Б е к м а н. Я тебя не позабуду.
О д н о н о г и й. Это хорошо, что ты так говоришь, Бекман. Можно спокойно быть мертвым, если хоть один человек о тебе думает, хоть твой убийца, хоть время от времени, по ночам, например, когда не спится! Выходит, мне спокойно можно быть мертвым… (Удаляется.)
Б е к м а н (просыпается). Тук-так, тук-так! Где я? Я что, спал? Да разве я не умер? Все еще не умер? Тук-так, тук-так через всю жизнь! Тук-так, тук-так через всю смерть! Тук-так, тук-так! Слышишь, стучит могильный червь? А мне, мне жить? Чтобы каждую ночь кто-то стоял на вахте у моей постели! Чтобы мне всю жизнь слышать: тук-так, тук-так! Нет!
Вот она, жизнь! Живет человек, человек возвращается в Германию, человек дрогнет на улице. Он хромой и голодный, человек, вернувшийся в Германию. Он возвращается домой, а его кровать занята. Дверь захлопывается, человек остался на улице.
Человек возвращается в Германию! Он находит себе девушку, но у девушки есть муж, у которого только одна нога и который все время со стоном твердит одно имя. И это имя «Бекман». Дверь захлопывается, человек остается на улице.
Человек возвращается в Германию! Он ищет людей, но какой-то полковник хохочет до колик в животе. Дверь захлопывается, и человек опять стоит на улице.
Человек возвращается в Германию! Он ищет работу, но какой-то директор труслив, и дверь захлопывается. Человек снова стоит на улице.
Человек возвращается в Германию! Он ищет своих родителей, а какой-то старухе жалко газа, и дверь захлопывается, и он стоит на улице.

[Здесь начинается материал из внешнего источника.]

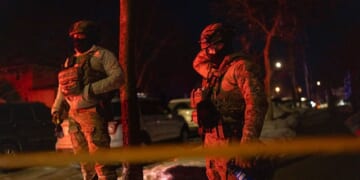 Two federal agents guard a perimeter following a shooting in Minneapolis, Minnesota, on Jan. 14, 2026.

Человек возвращается в Германию! И тут приходит одноногий — тук-так идет он, тук-так, и говорит: Бекман. Все время: Бекман. Дышит — Бекман; храпит — Бекман; стонет — Бекман; ругается, орет, молится — Бекман. И он идет по жизни своего убийцы — тук-так, тук-так! А убийца я. Я? Я, убитый, убитый ими и вдруг убийца! А кто защитит нас, не даст нам стать убийцами? Каждый день нас убивают, и каждый день мы совершаем убийства! Каждый день мы проходим мимо убийства! И убийце Бекману уже не под силу каждый день быть убитым, каждый день быть убийцей. И он кричит в лицо всему миру: я умираю! А потом человек, который вернулся в Германию, валяется где-то на улице и умирает. Раньше на улице валялись окурки, апельсинная кожура и клочки бумаги, теперь валяются люди, и значения это не имеет. А потом приходит дворник, немецкий дворник, в форме и с красными лампасами, посланный фирмой «Тлен и Разложение», и находит убитого убийцу Бекмана. Изголодавшегося, измерзшегося, павшего. В двадцатом столетии! В конце сороковых годов! На улице. В Германии. А люди проходят мимо смерти, невнимательные, задумчивые, напыжившиеся, брезгливые и равнодушные, равнодушные, такие равнодушные! И мертвец в своем мертвом сне чувствует, что смерть его такая же, как жизнь, бессмысленная, незначительная, серая. А ты, ты велишь мне жить! Зачем? Для кого? Для чего? Разве я лишен права на смерть? права на самоубийство? Ты хочешь, чтобы я и впредь позволял убивать себя, чтобы я и впредь убивал? А куда мне идти? На что жить? С кем? Для чего? Куда деваться нам в этом мире? Нас предали! Так страшно предали! Где ты, Другой? Ты ведь всегда был здесь!
А теперь где ты, говорящий д а? Теперь отвечай! Теперь ты мне нужен! Куда ж ты пропал? Вдруг исчез! Где ты, где ты, Другой, отнявший у меня даже право на смерть? Где старик, что зовет себя богом? Почему он молчит?